Transport planning, like any industry, is subject to constant change and has to evolve in order to meet the shifting goals and needs of councils, communities, and society. The early signs of what could be a major change in the transport planning process has come in the form of a new approach being adopted by Oxfordshire County Council (OCC). This is summarised in a report titled “Implementing ‘Decide & Provide’: Requirements for Transport Assessments” (2022) and was approved by Cabinet in September 2022.
The report outlines the new approach OCC will be taking to transport planning and why they think this is the way to go. According to OCC, “transport planning practice has typically followed the ‘predict and provide’ approach, which can be broadly described as an approach to transport planning that uses current or historical traffic patterns to determine the future need for infrastructure. However, this approach tends to simply maintain the status quo by perpetuating dependence on the private car through provision of additional highway capacity.”
OCC put forward the idea of a ‘decide and provide’ approach which prioritises the central vision of an authority and then provides the means to achieve this. They argue that this will enable more positive transport planning and will help them achieve their goal of a reduction in reliance on the private car and an increase in uptake of the active (walking and cycling) and public transport modes.
This approach will be implemented through “transport assessments and infrastructure delivery mechanisms which accompany planning applications for proposed development.” The application of this strategy will mean that, if a junction is forecast to be over capacity, rather than increasing its capacity for private vehicles, developers will be expected to prioritise provision improvements for the active and public transport modes to alleviate pressure on the junction. OCC acknowledge that such a change will require a large-scale rethinking of spatial and transport planning from the strategic scale all the way through each stage of planning, but perhaps this shake-up will prove to be the necessary catalyst for progress.
How Will this Affect Transport Assessments and the Role of a Transport Planner?

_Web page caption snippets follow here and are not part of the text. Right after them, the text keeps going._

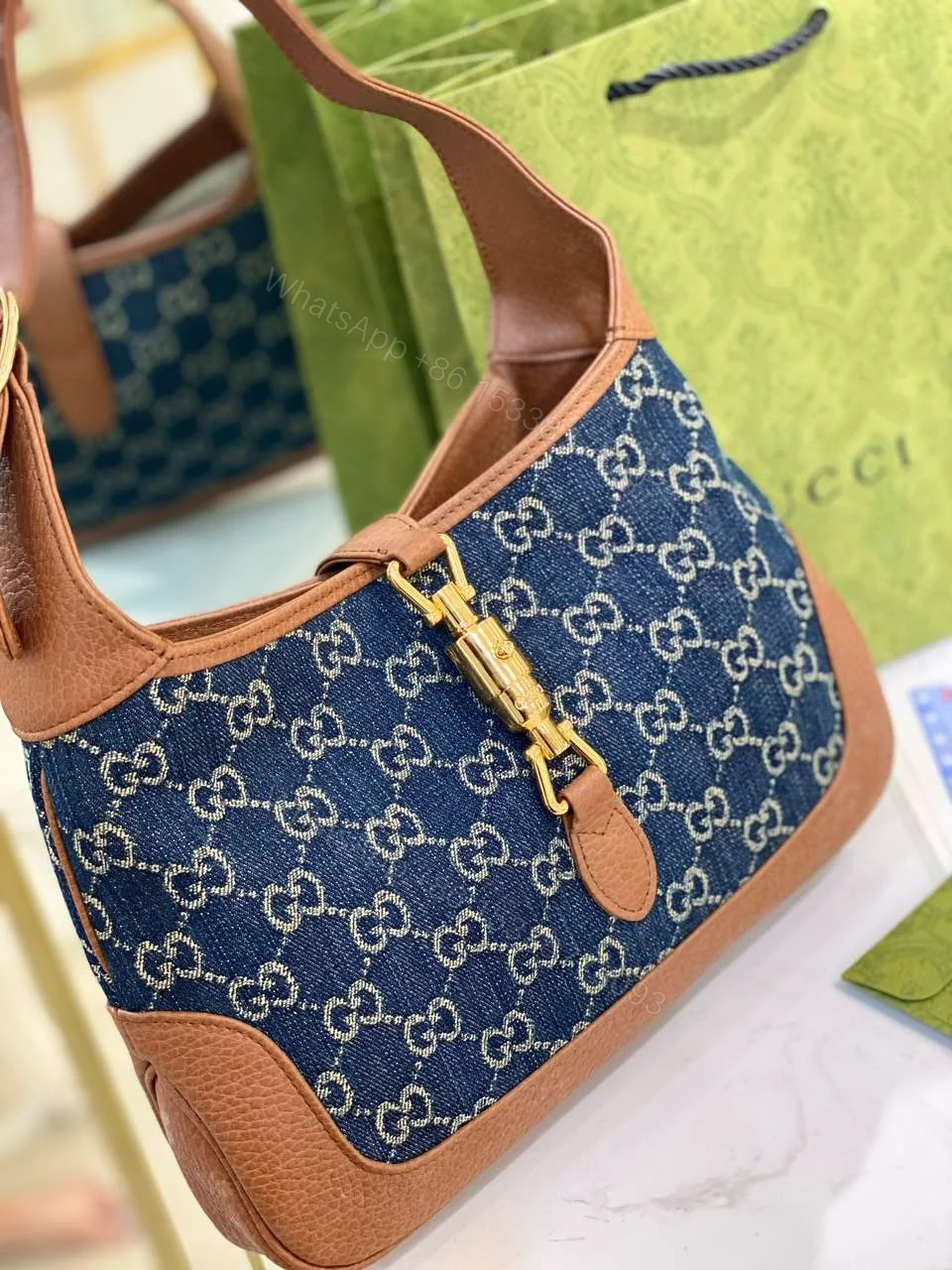 View 2 of Gucci Jackie 1961 Small Hobo Bag Super Class 28cm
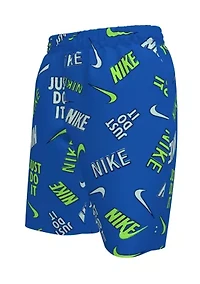 Boys 8-20 Volley Breaker Outline Swim Shorts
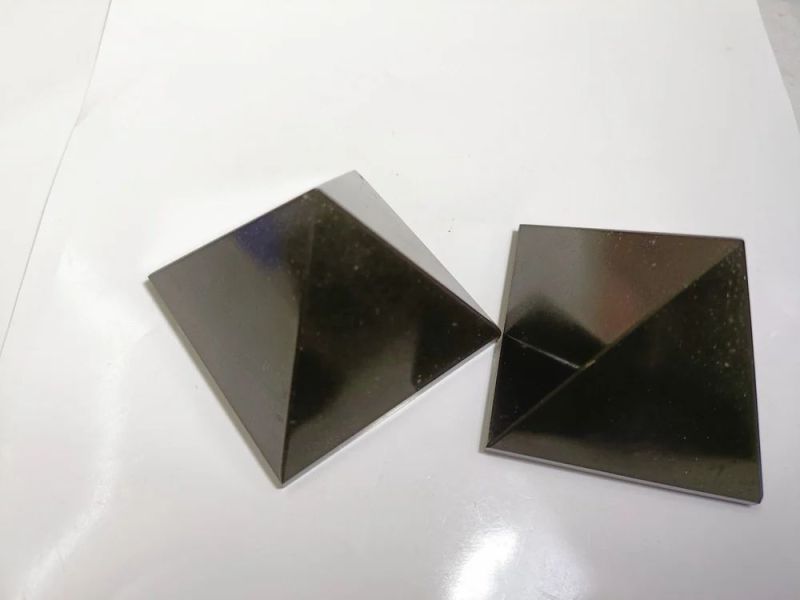 Natural Black Tourmaline Reiki Healing Pyramid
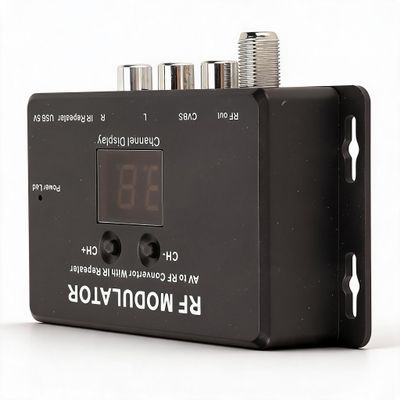 RF Modulator for AV to RF Conversion, NTSC PAL Compatible, Universal
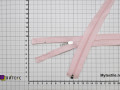 Молния разъёмная розовая 70 см спираль пластик М1Р28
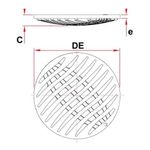 Grelha-Redonda-PVC-Cromada-DN150-Tigre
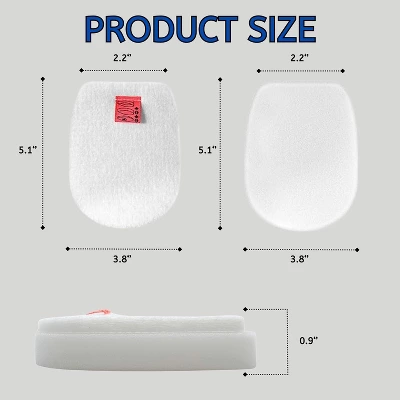 Nispira IZ300 IZ300UK Foam Felt Sponge Filters For Shark IZ300UKT IZ320 IZ320UK Anti Hair Wrap Cordless Vacuum Cleaners Accessory Filters, 10 Sets 2 Nispira IZ300 IZ300UK Foam Felt Sponge Filters For Shark IZ300UKT IZ320 IZ320UK Anti Hair Wrap Cordless Vacuum Cleaners Accessory Filters, 10 Sets - Image 2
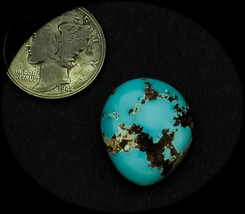 13.5 cwt. Vintage Kingman High Dome Turquoise Cabochon - £21.89 GBP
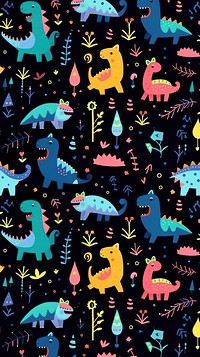 Dinosaur pattern backgrounds paper. 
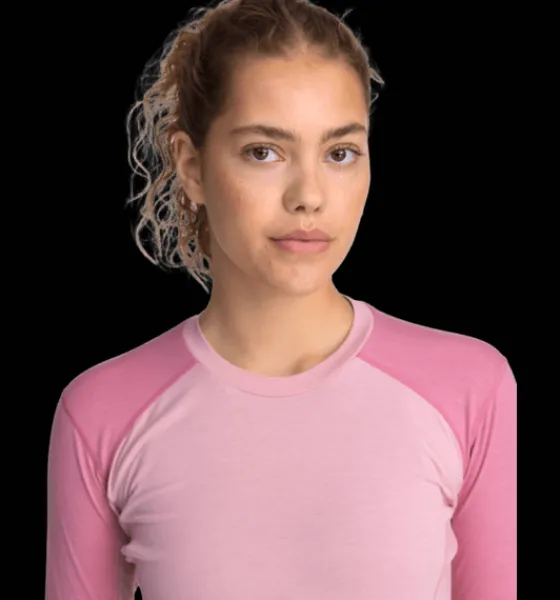 Underställ|Tröjor & T-Shirts>Everest Outdoor W Underwear Sht BLOSSOM PINK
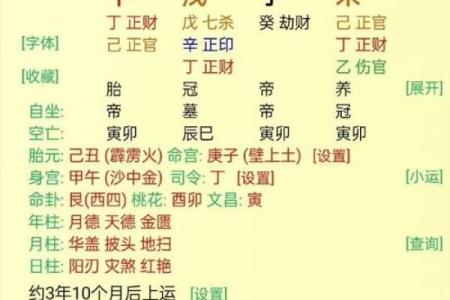 不老的八字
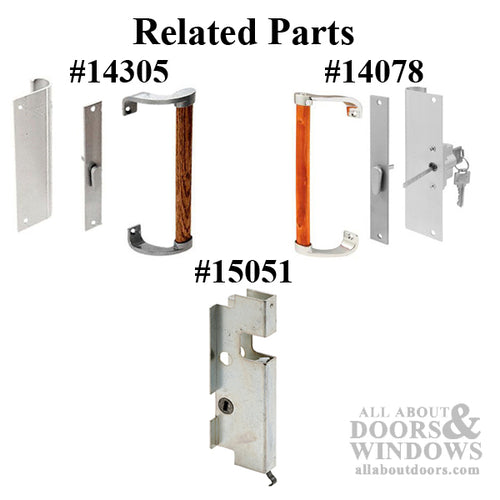 Keeper - Sliding Patio Door, Stamped Steel - Aluminum - Keeper - Sliding Patio Door, Stamped Steel - Aluminum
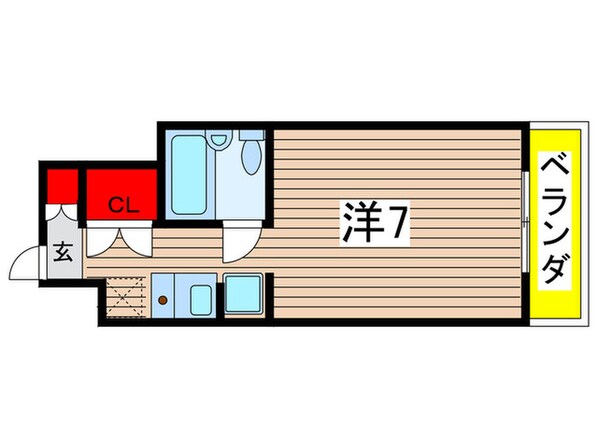 コスモシティ88の物件間取画像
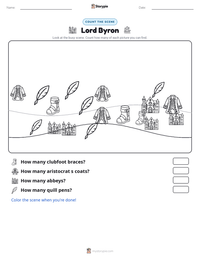 Lord Byron printable worksheet preview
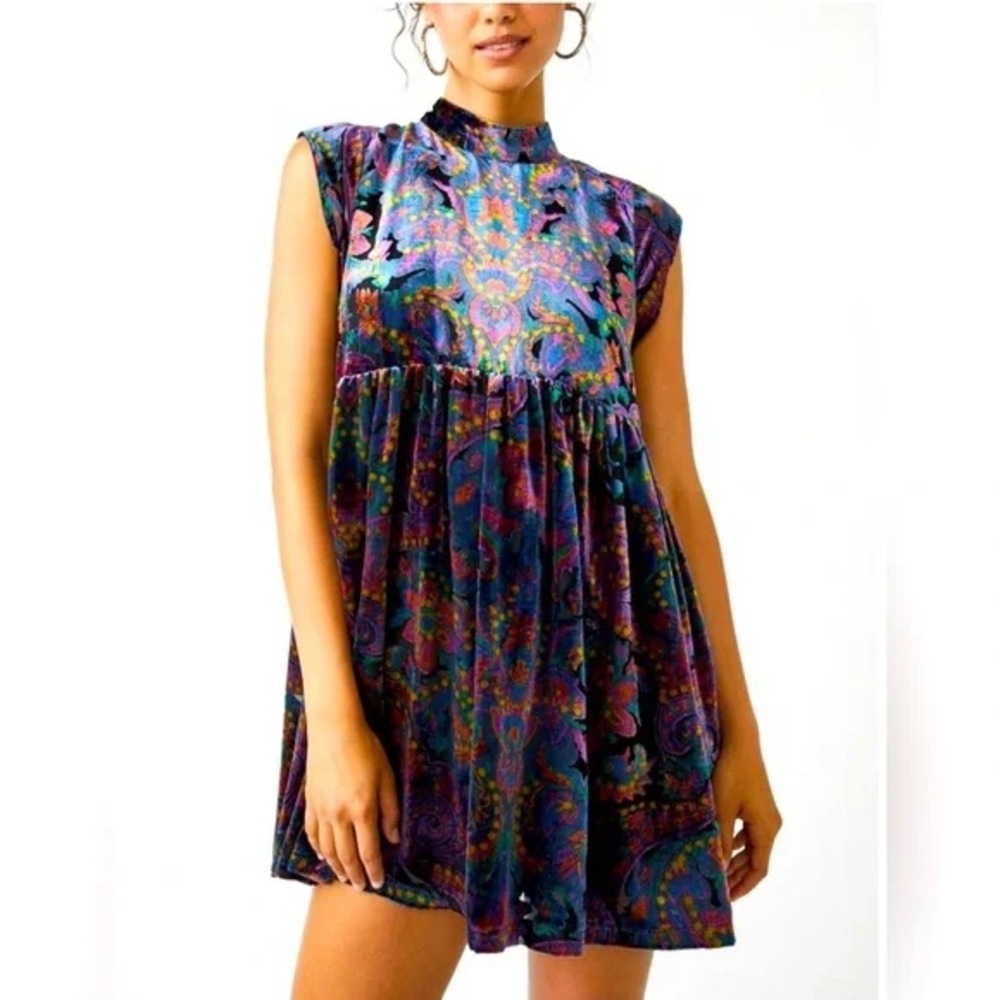 Free People Multicolor Patterned Mini Dress - Picture 2 of 5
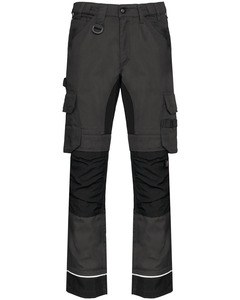 WK. Designed To Work WK743 - Men’s recycled performance work trousers Dark Grey / Black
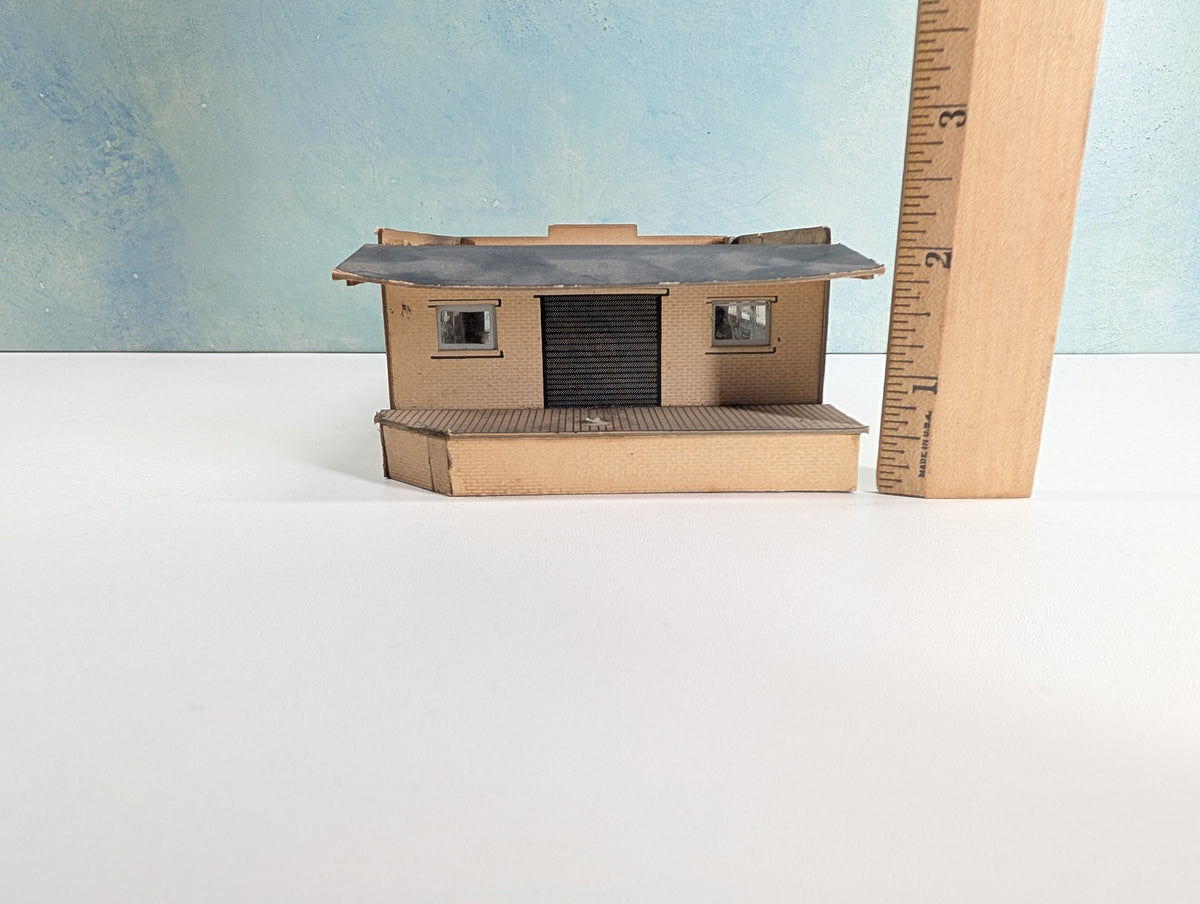 USED HO Scale United States Post Office, Cardstock Building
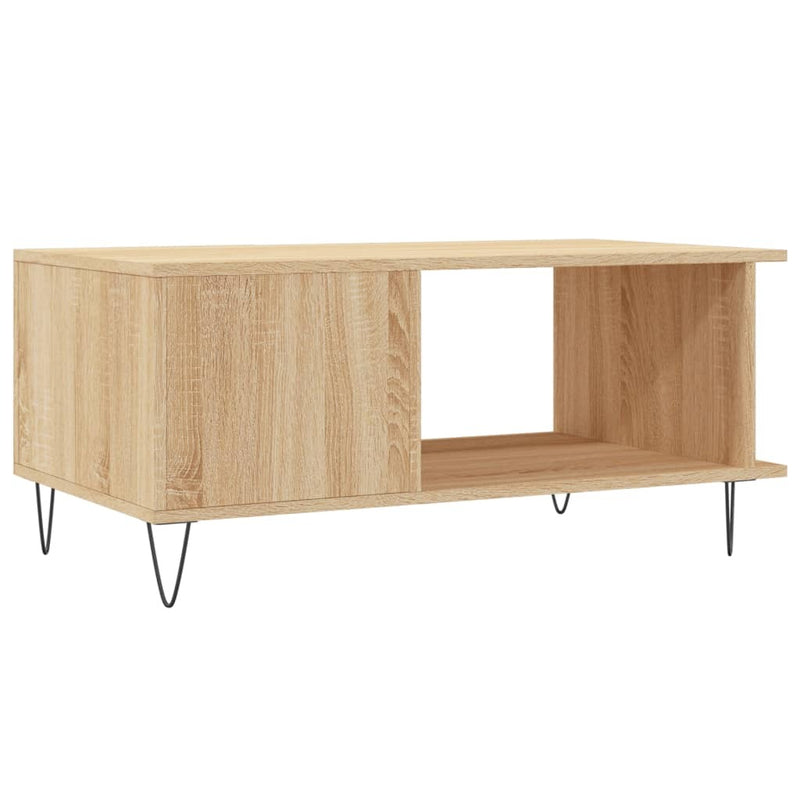 Coffee Table Sonoma Oak 90x50x40 cm Engineered Wood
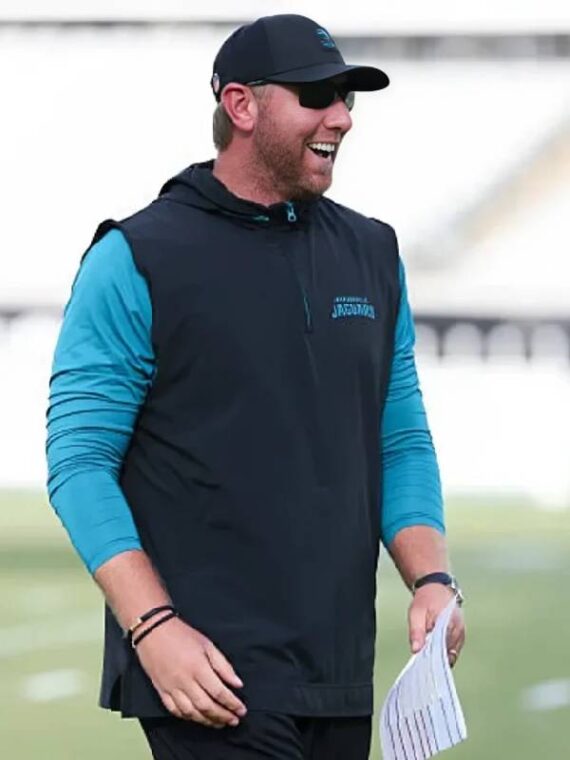 Liam Coen Jacksonville Jaguars Training Camp Quarter-Zip Vest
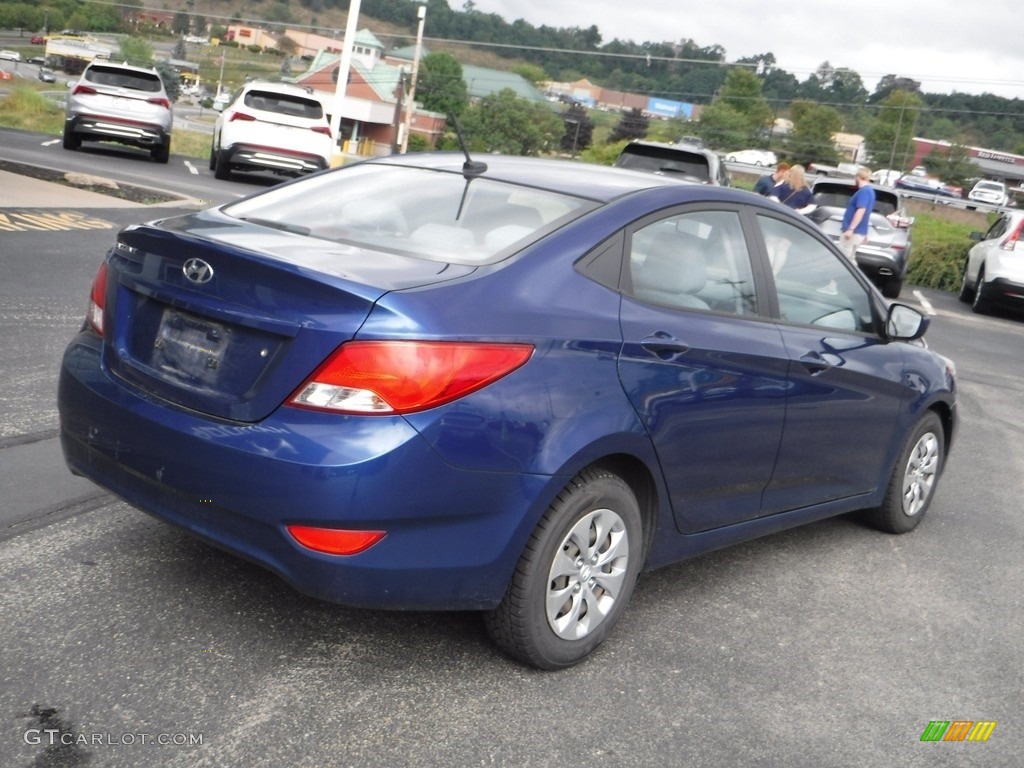 2015 Accent GLS - Pacific Blue / Gray photo #7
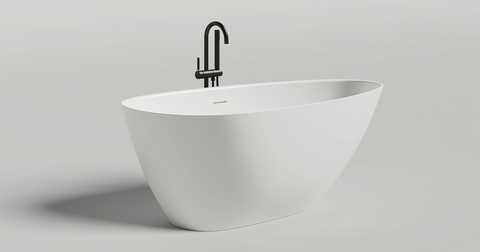 Salini 1015203M PAOLA 160x80 Ванна, донный клапан "Click-Clack" белый, сифон, интегрированный слив-перелив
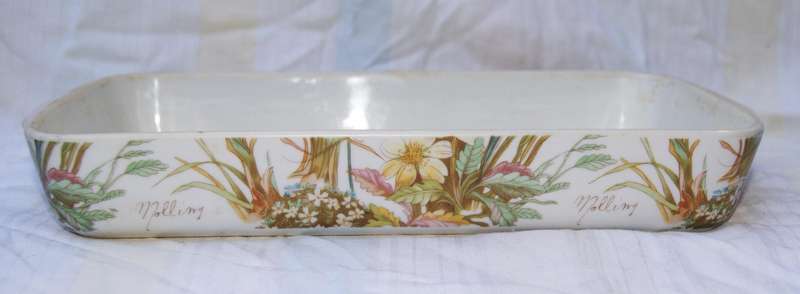 Vintage Pillivuyt rectangular dish (1 of 2)
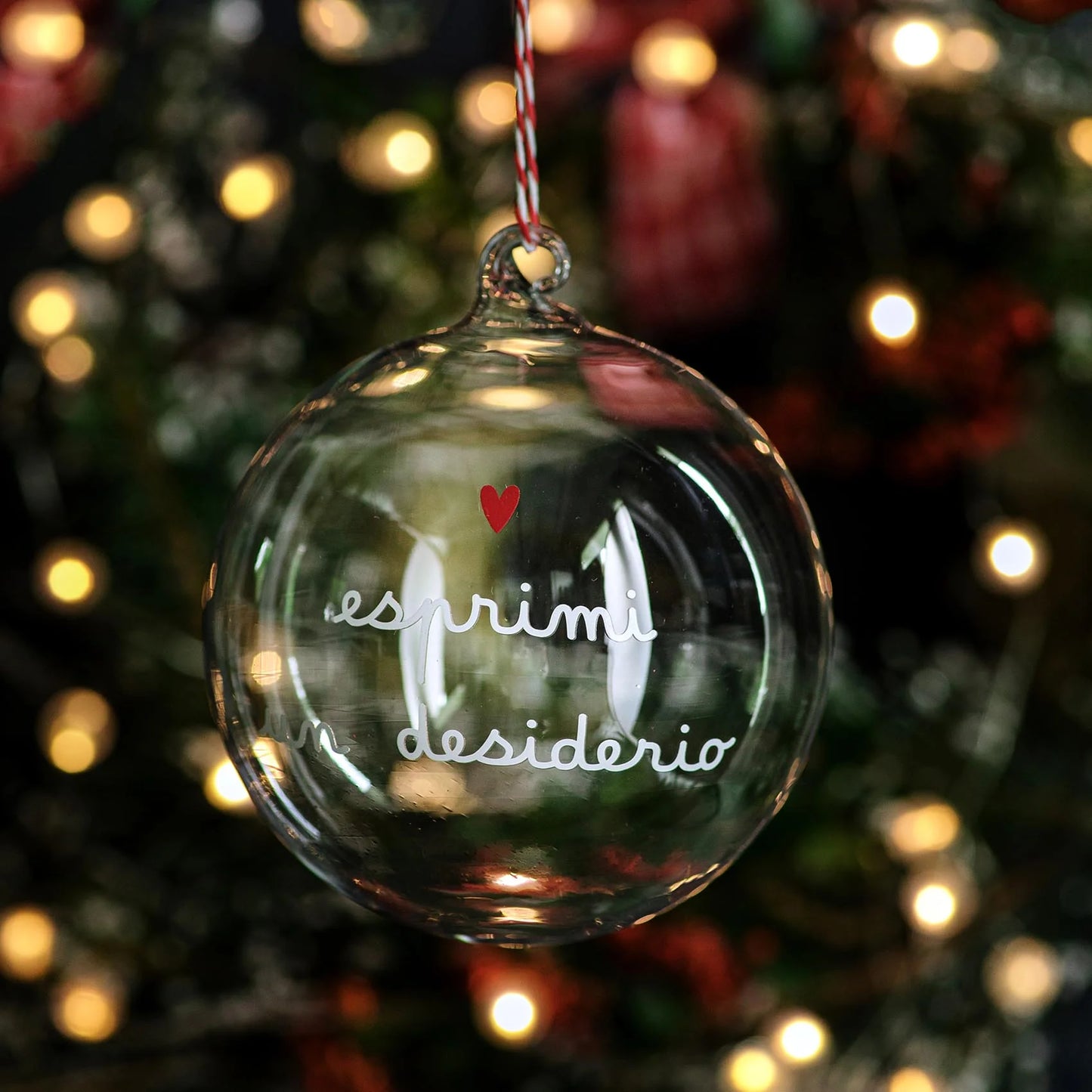 Pallina in Vetro ø12 cm - Varie Scritte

In the case of OCC, this new approach will still require proposed developments to assess their impact on the highway network, however rather than focusing solely on the past, developers will have to model a range of plausible scenarios. “These plausible scenarios will need to be based on the characteristics of the proposed development site’s location, its existing connectivity, the mitigation or connectivity improvements that will be either delivered directly by the site developers or through financial contributions towards OCC schemes, and the extrapolation of historic trends.”
By undertaking this approach, every proposed development and especially large ones, could help contribute to the overall transport goals set out by a council. While this may initially present a challenge to transport planners who are accustomed to the prediction model, it could signal the beginning of an acceleration towards the meeting of ambitious net zero targets and other strategic transport goals.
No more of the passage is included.